3. Kidney ultrasound: A kidney ultrasound can be used to visualize the structure of the kidneys and look for abnormalities such as cysts or enlarged kidneys.
4. Kidney biopsy: In some cases, it may be necessary to take a sample of kidney tissue for more detailed analysis. A kidney biopsy can reveal specific changes associated with metabolic nephropathy.
5. Genetic testing: If your doctor suspects you have an inherited form of metabolic nephropathy, genetic testing may be done to look for a specific mutation.

Treatment metabolic nephropathy (hyperuricemia)

Treatment of patients with purine metabolism disorders is based on dietary restrictions of products rich in purine bases or provoking their increased synthesis (strong tea, coffee, fatty fish, dishes containing gelatin), and increased fluid intake. Alkaline mineral waters (Borjomi) are recommended, a citrate mixture is prescribed in courses of 10-14 days or Magurlit.

In case of metabolic type of purine metabolism disorder, uricosis-depressant agents are indicated: allopurinol at a dose of 150 mg/day for children under 6 years old, 300 mg/day for those aged 6 to 10 years and up to 600 mg/day for older schoolchildren. The drug is prescribed in full dose for 2-3 weeks after meals with transition to half maintenance dose for a long course of up to 6 months. Additionally, orotic acid is prescribed (potassium orotate at a dose of 10-20 mg/kg per day in 2-3 doses).

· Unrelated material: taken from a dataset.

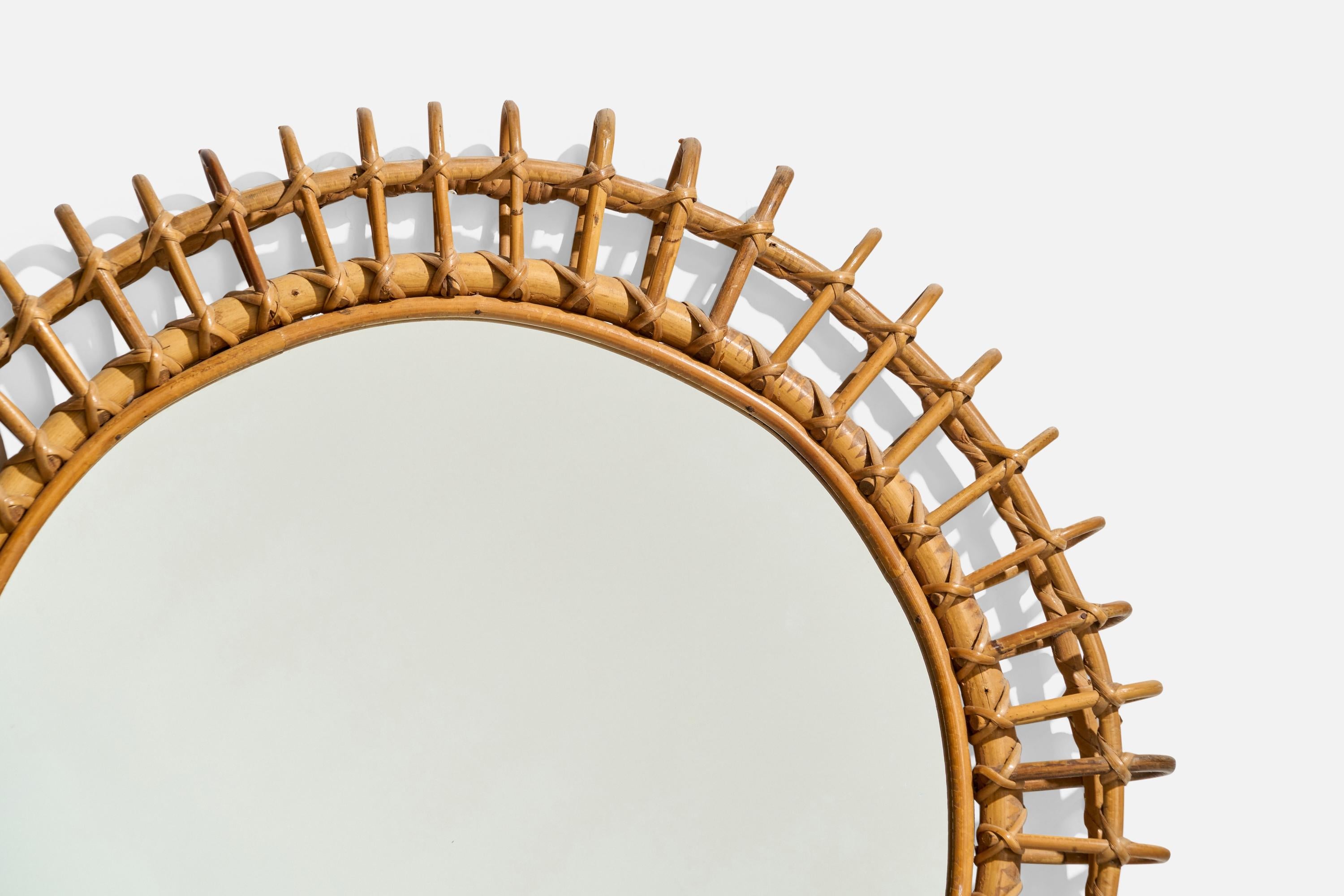 Italienischer italienischer Designer, runder Wandspiegel, Rattan, Spiegelglas, Italien, ca. 1950er Jahre (Mitte des 20. Jahrhunderts) im Angebot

For the renal type, uricosuric drugs are prescribed - aspirin, etamide, urodan, anturan - which inhibit the reabsorption of uric acid by the renal tubules.

In the case of a mixed type, a combination of uricosis depressants with uricosuric drugs is applicable. Both drugs are prescribed in half doses each. It is necessary to monitor the urine reaction with mandatory alkalization.

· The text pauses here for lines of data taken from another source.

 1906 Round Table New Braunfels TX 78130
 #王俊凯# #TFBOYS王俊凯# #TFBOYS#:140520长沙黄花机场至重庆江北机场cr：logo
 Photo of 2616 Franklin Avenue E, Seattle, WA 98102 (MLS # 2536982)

For long-term use in outpatient settings, the drug allomaron is recommended, containing 50 mg allopurinol and 20 mg benzobromarone. Senior schoolchildren and adults are prescribed 1 tablet per day.

Forecast

Prognosis of dysmetabolic nephropathy with purine metabolism disorder. In rare cases, extreme situations are possible when hyperuricemia leads to acute occlusion of the tubular system of the kidneys and urinary tract with the development of acute renal failure ("acute uric acid crisis"). Glomerulonephritis against the background of purine metabolism disorders usually proceeds according to the hematuric variant with episodes of reversible decrease in kidney function with the prospect of developing chronic renal failure within 5-15 years. Secondary pyelonephritis, as a rule, proceeds latently. The doctor's task is to diagnose purine metabolism disorders at the preclinical stage, that is, to identify patients at risk and give recommendations regarding lifestyle and nutrition, which will help slow down the development of pathology and prevent complications.